Despite overwhelming scientific evidence, religion is often — unnecessarily — a barrier to people accepting evolution, says Glenn Branch, deputy director of the National Center for Science Education (NCSE) in Oakland, Calif. “A lot of people labor under the misapprehension that evolution is anti-religious.” The booklet’s authors try to dispel this misconception by quoting notable scientists who say they have no trouble maintaining their faith (and accepting evolution) and a bevy of religious leaders, including the late Pope John Paul II, who accept evolution. “Religion and science can — and do — coexist,” said co-author Gilbert Omenn, a professor of medicine, genetics and public health at the University of Michigan in Ann Arbor, at a press conference on Jan. 4. “It’s unfortunate that some parties try to generate conflict where there need not be any.”
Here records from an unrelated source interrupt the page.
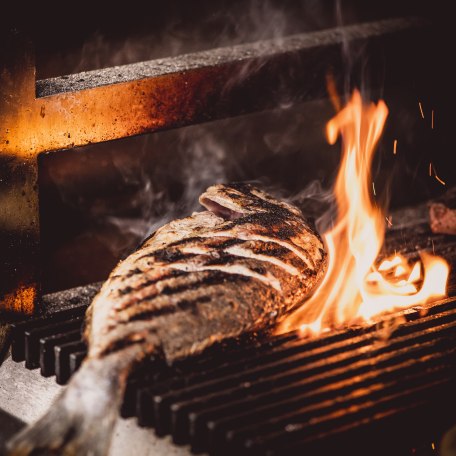 por6284_1, © ©Clubhaus Bachmair Weissach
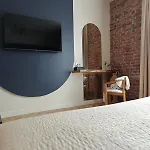 27 Ap Romantic Nest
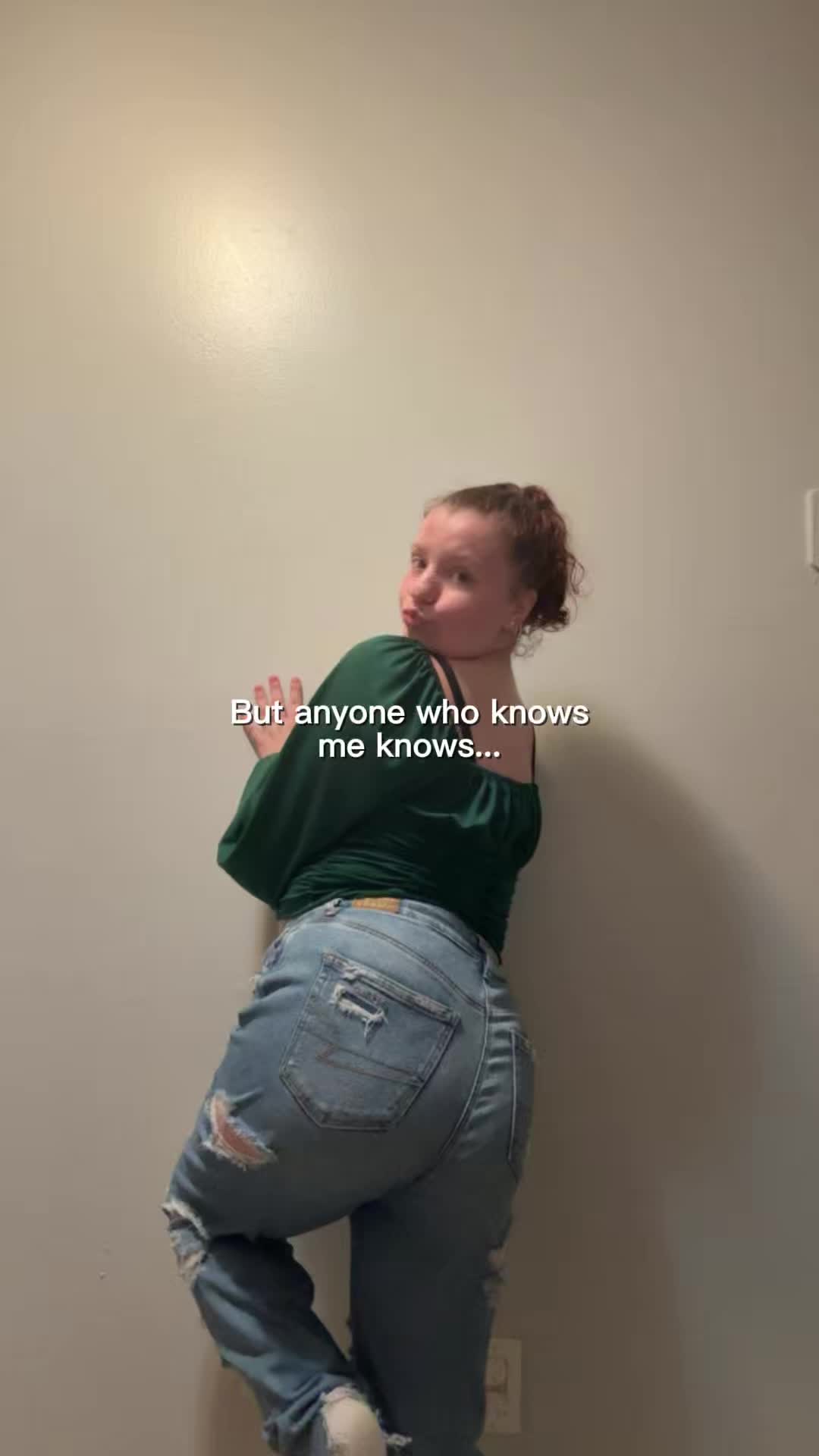 @Kiara Plourde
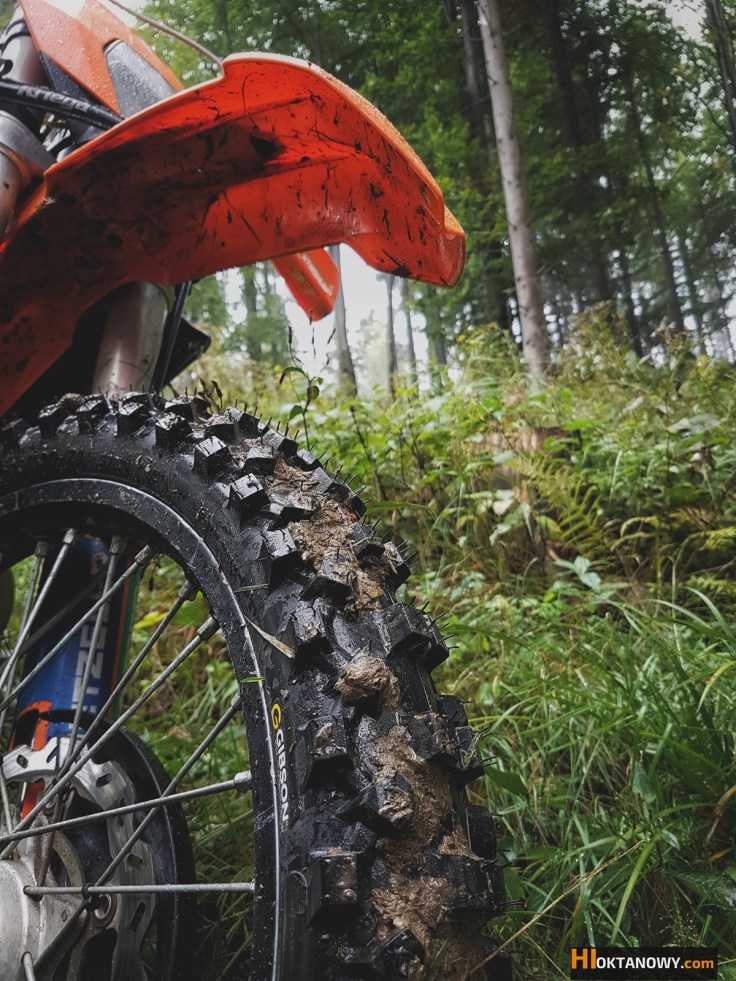 test-opony-gibson-6.2-enduro-hioktanowy-x-cross (1)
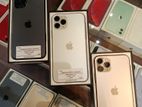 Apple iPhone 11 Pro (Used)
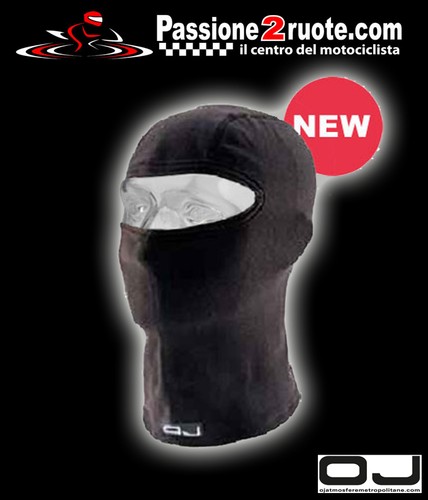 Pile guard f052 sous casque - pile,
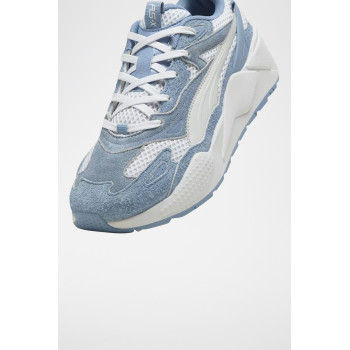 Sneakers Rs-X Efekt Bwa - Bleu - 02 - 33593764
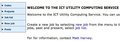 Thumbnail for version as of 07:53, 3 October 2006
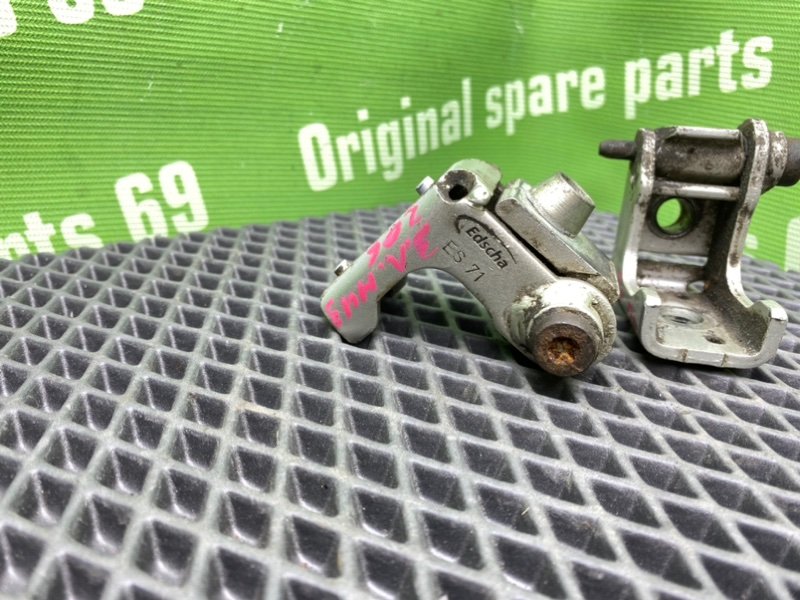 Петли дверей, 1000 рублей, Тверь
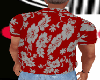 H l Open Shirt V2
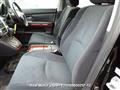 2007 Toyota Harrier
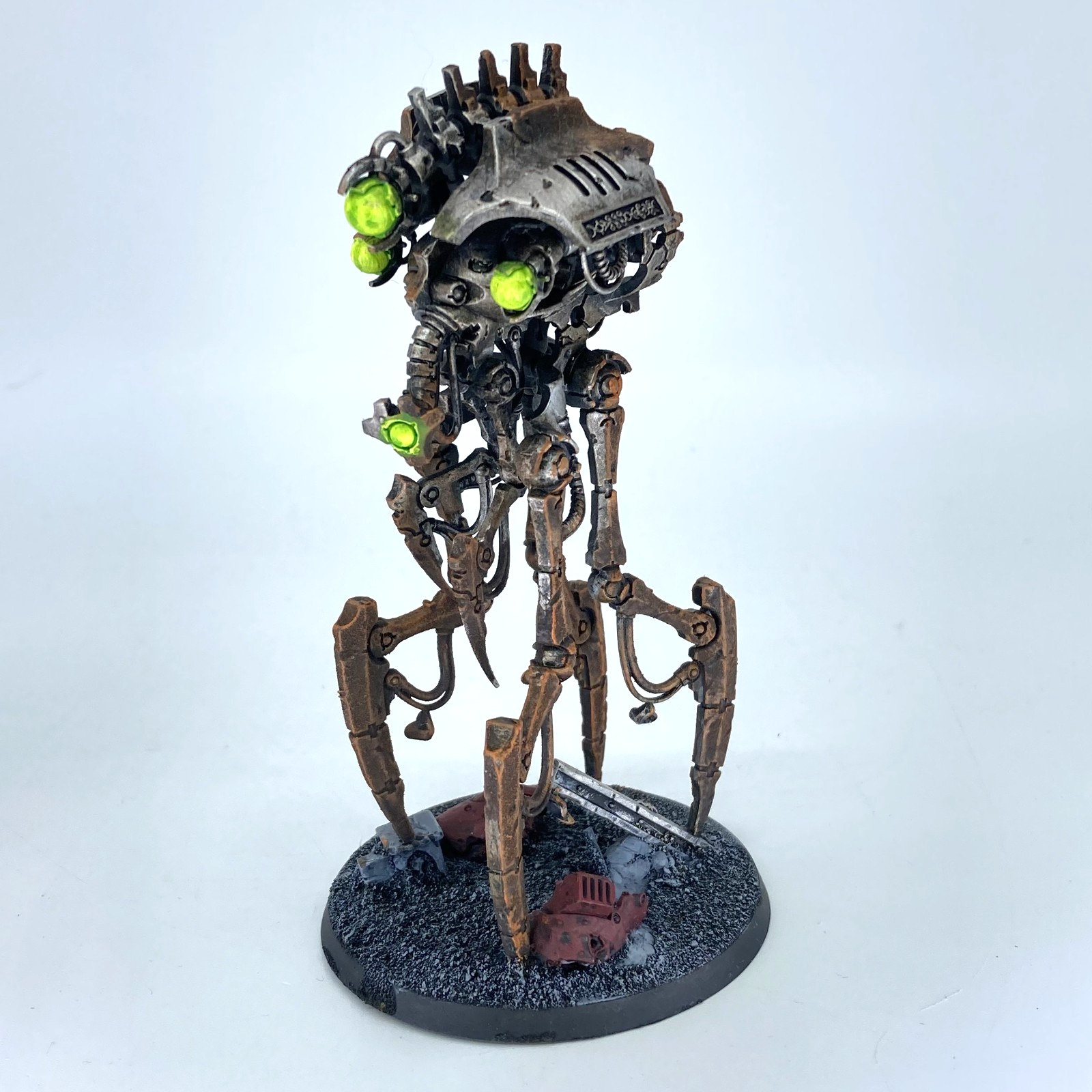 df6a4f65-b16c-4b33-b1e5-8760e82f65dd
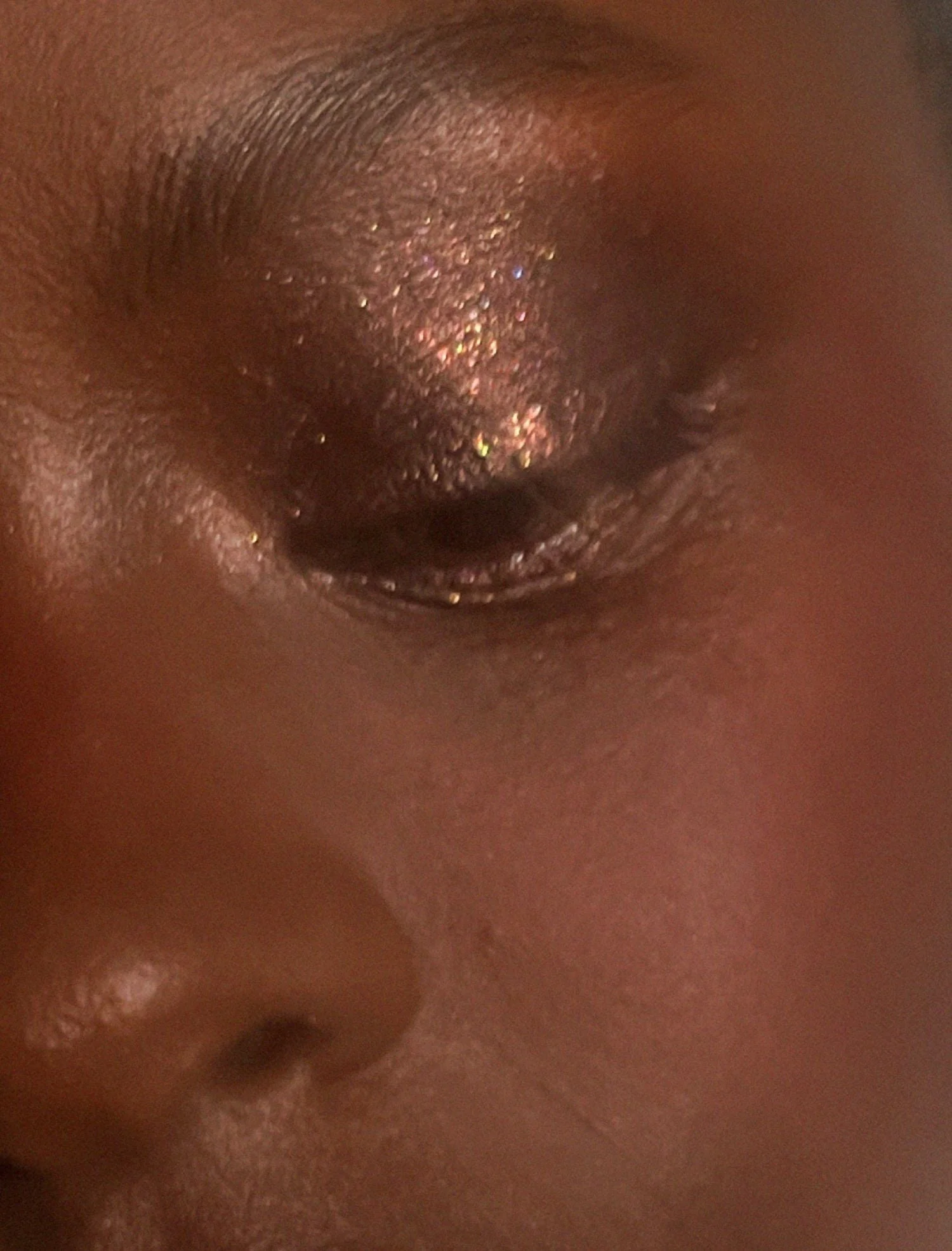 Sparkl - Image 49
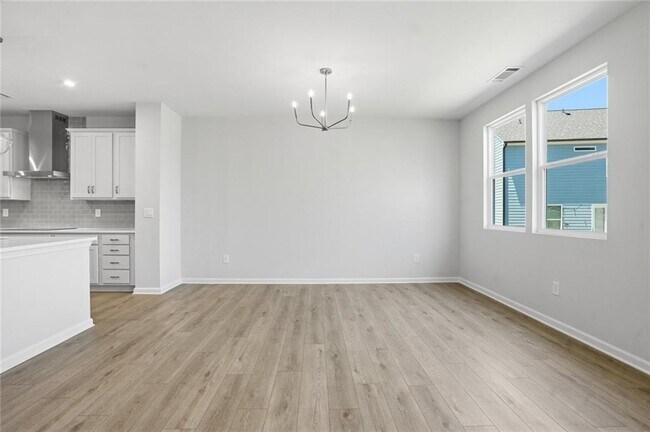Building Photo - 3548 Annsbury Ct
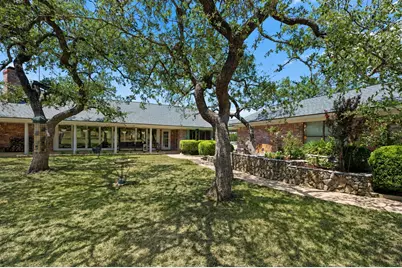 1501 Woods Loop, Driftwood, TX 78619 - Photo 4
This conflict was the impetus behind the original edition of the booklet, which was published in 1984 in response to several state laws requiring that creationism be taught alongside evolution. But the new edition is aimed at anyone curious about evolution — a wider audience than the policymakers, lawyers and teachers who made use of the previous editions.
“This new volume is an attempt to bring the description of the science of evolution even more up-to-date and to better explain what we know about evolution in ways the public can readily understand,” NAS President Ralph Cicerone said at the press conference. The booklet is available to download for free from the NAS Web site (nationalacademies.org/evolution) or by mail for $12.95.
Although unlikely to persuade diehard fundamentalists, the booklet may help convince “the mushy middle,” the approximately 50 percent of Americans who are unsure about evolution, Branch says. The greatest value of the booklet, however, may simply be that it was published by NAS, says NCSE President Kevin Padian, a professor of integrative biology at the University of California at Berkeley. “It’s important for science agencies, especially those affiliated with the government, to take a strong stand on evolution,” he says. “The authority of the National Academy of Sciences is nothing to sneeze at,” Branch adds.
NAS hopes the booklet does more than just educate the public. “This publication is a tool, but it’s only a very small start in getting scientific societies and scientists mobilized in thinking about how science is taught,” said co-author Bruce Alberts, former NAS president and the new editor-in-chief of Science, at the press conference.
Advising school boards on curriculum and writing and improving textbooks are important ways in which scientists can get involved in education, Padian says, although he notes that not all scientists have the time or inclination to get involved in the controversy of teaching evolution. But among those who do, earth scientists have an especially important role to play, he says. “We don’t need to throw more fruit fly genetics at [creationists]; it doesn’t go anywhere,” Padian says. Instead, he says, carefully outlining the major changes in the fossil record gives people visible proof that evolution has occurred.